An integrated system for the reporting, analysis and learning from adverse incidents has been developed to improve patient safety. The expected outcome of this process is to identify all patient related adverse incidents, explore the root causes and develop and implement plans to prevent occurrence.
Key objectives are:
1. Foster a no-blame culture that identifies opportunities for learning and change across the organization.
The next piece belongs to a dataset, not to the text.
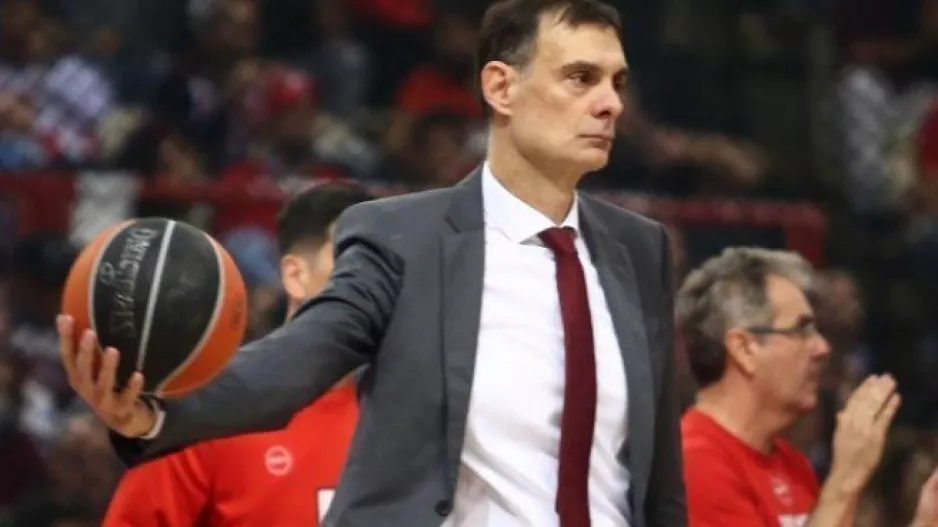 Ο Μπαρτζώκας έγινε ο 4ος «100άρης» προπονητής του Ολυμπιακού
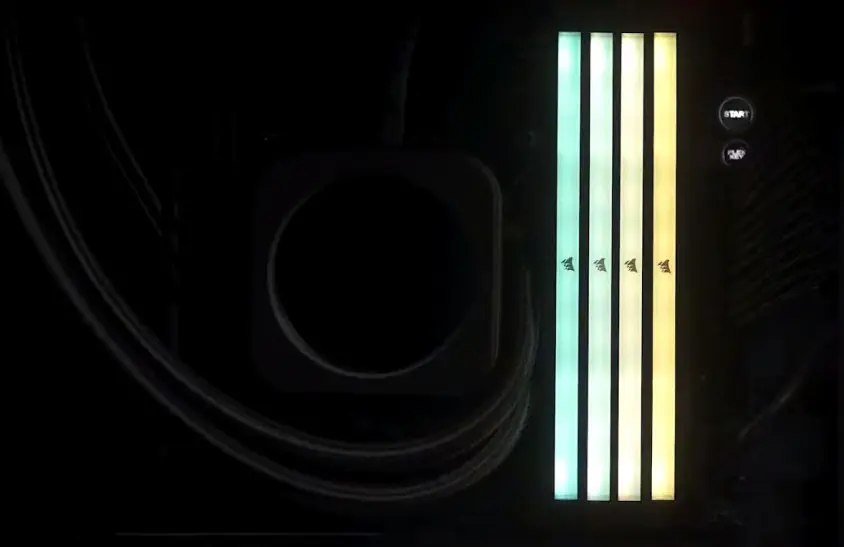 Corsair Vengeance RGB CMH32GX5M2B6200C36W Ram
2. Utilize outcomes from investigation and analysis of individual, adverse incidents to enable change and improvements to reduce errors and improve patient safety.
A patient safety hotline has been established for anyone to report any incident related to patient safety. Calls are confidential and logged into a central database. The incident reporting system includes the following:
1. All incidents, clinical and non-clinical, for patients, staff, visitors are reported in real time.
2. Alerts Risk Management of incidents which require reporting to an external body.
3. Assigns a code of severity.
4. Provides for reporting of near-misses anonymously
5. Categorizes incidents according to predefined areas of concern enabling analysis of trends and practices. Tools may include FEMA, PDCA, and RCA.
6. Generates specific reports to identified trends.
Using data generated from the hotline database, laboratory blood bank and overall labeling error rates were quantified and investigated using FEMA. Specific procedures to include double identifier procedures, specific and targeted educational programs and a phlebotomy team reduced laboratory labeling error rates to < 0.07%.
The 4-PTS-hotline database provides a real-time mechanism for identifying, investigating, tracking and trending of adverse incidents and which can assist in the overall reduction of errors both in the laboratory and health system.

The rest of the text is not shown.